Zurück ins 17. Jahrhundert. Ausführlich beschäftigt sich Strunck mit dem Palastumbau Lorenzo Onofrio Colonnas und seiner Selbstinterpretation als Sol-Apoll, die in der Dekoration der weitläufigen Palastanlage mit vielfältigen Bezügen zur Sonne deutlich wird.
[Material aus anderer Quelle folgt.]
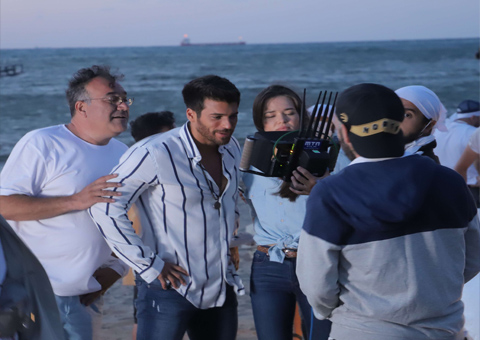 Can Yaman... KAMERA ARKASINA DA GÖZ KIRPTI!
Der Exkurs zur Sonnensymbolik (177-183) ist genauso von allgemeinem Interesse wie die eingeschobenen Beiträge zur Säulen-Exegese (207-219) sowie zur epischen Malerei (262-278).
Nach Antonio del Grande und Johann Paul Schor, deren Anteile an Galeriebau und -ausstattung Strunck herausarbeitet, und großen statischen Problemen, die sogar einen Einsturz der Galerie befürchten ließen, musste das Konzept gründlich überdacht werden. Dafür wurde - wie die Autorin mithilfe der von ihr ausgewerteten Misure e stime einwandfrei belegen konnte - kein geringerer als Gianlorenzo Bernini geholt. Ihm gelang es, ''unter Berücksichtigung der bestehenden Galeriearchitektur einen neuen, großartigeren Raumeindruck zu erzeugen, der die gesellschaftliche Spitzenstellung Lorenzo Onofrio Colonnas adäquat visualisieren und den Besucher mit Staunen und Ehrfurcht erfüllen sollte'' (220). Strunck sieht in der Galerie einen Thronsaal für den ungekrönten König von Rom.
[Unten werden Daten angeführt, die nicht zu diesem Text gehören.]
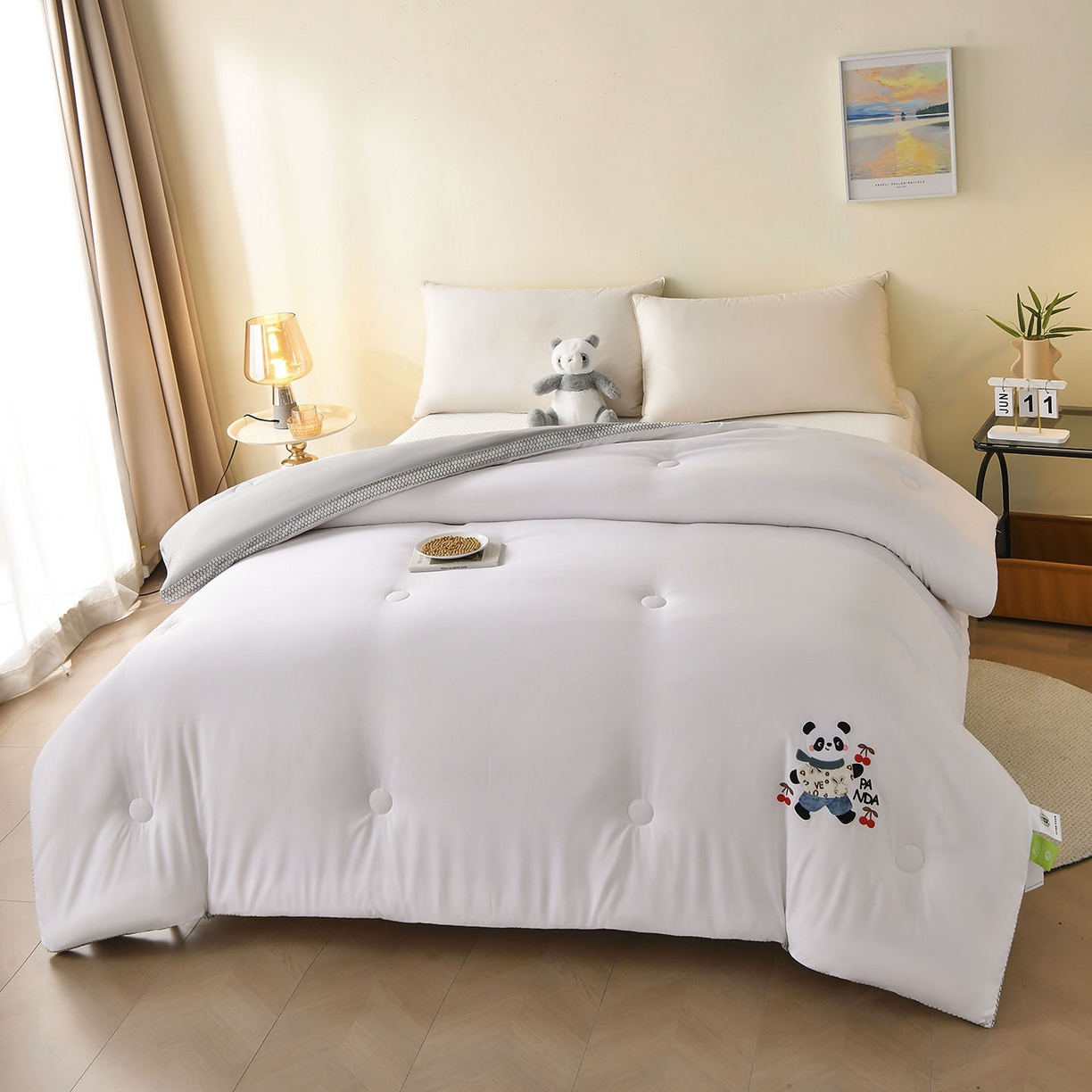 91家纺网 家纺一手货源 找家纺 瑶瑶家居 2025新款立体毛巾绣七孔被大豆纤维被被子被芯 立体极光白+浅灰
Bernini lieferte in seiner Funktion als Architekt nicht nur das neue Raumkonzept der Galerie, sondern er wurde auch zur Begutachtung der Deckenfresken herangezogen, die aufgrund der umfassenden Archivarbeit neu datiert werden konnten - in die Zeit von 1665 bis 1685. Das familiengeschichtlich ausgerichtete Freskenprogramm, das vor allem die Verdienste Marcantonio Colonnas in der Seeschlacht von Lepanto hervorhebt, erhöht die repräsentative Wirkung der Galerie noch.
Der umfangreiche Anhang im Buch bietet wichtige Informationen wie den übersichtlichen Stammbaum, eine Chronologie des Baufortschritts, Maße der Galerie und ein Glossar für die beiden darauffolgenden Dokumententeile dar. Die beachtliche Bibliografie sowie Personen- und Ortsregister erleichtern dem Leser die Nutzung des gewichtigen Werkes.
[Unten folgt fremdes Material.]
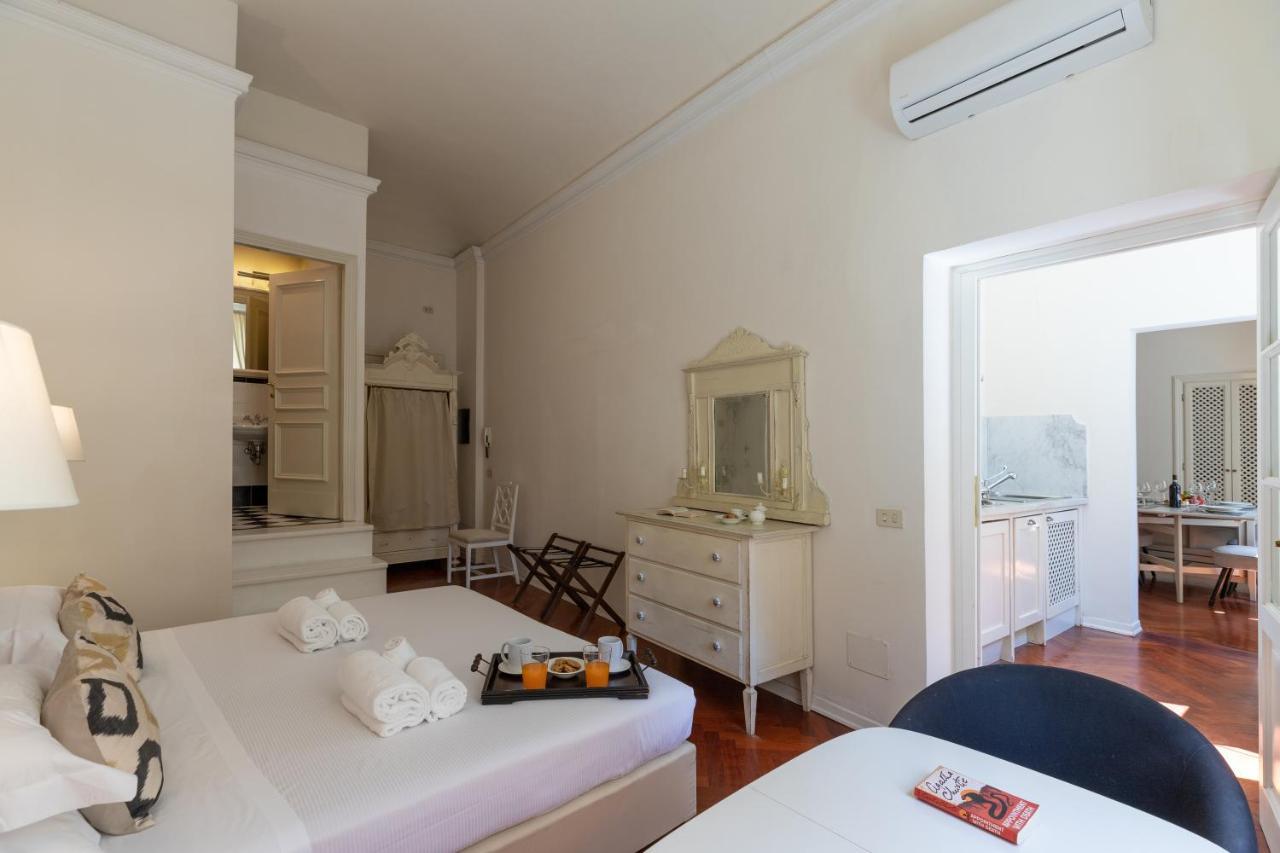 Big Apartment A Stone'S Throw From The Duomo Florence Buitenkant foto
Es gibt an diesem Buch kaum etwas auszusetzen. Störend fallen gelegentliche Wiederholungen auf, wenn zum Beispiel auf einer einzigen Seite (147) in ganz ähnlichem Wortlaut zweimal kurz nacheinander darauf verwiesen wird, dass ''der heutige westliche Anraum'' beim Galeriebau unangetastet geblieben wäre. Wenn es etwas verharmlosend heißt, dass 1570 die Türken die Insel Zypern, damals in venezianischem Besitz, ''beansprucht'' hätten, so mag das eine unglückliche Wortwahl sein (242). Tatsächlich rückten die Osmanen mit einer gewaltigen Kampfflotte an, um die Insel zu erobern.
Mit diesem Buch bereichert Christina Strunck die kunsthistorische Literatur zu Berninis Schaffen um ein bedeutendes Werk. Es zeichnet sich aus durch die sorgsame Erschließung und Auswertung sämtlicher auffindbarer Archivalien und durch die profunde Bearbeitung des umfangreichen Materials. In der Folge wird der Leser konfrontiert mit neuen Daten zur Baugeschichte und er erhält neue Einsichten in die Bemühungen eines römischen Adelsgeschlechts im 17. Jahrhundert, mithilfe von Architektur und Ausstattung ihres Palastes in Politik und Gesellschaft seinen Statusanspruch zu behaupten.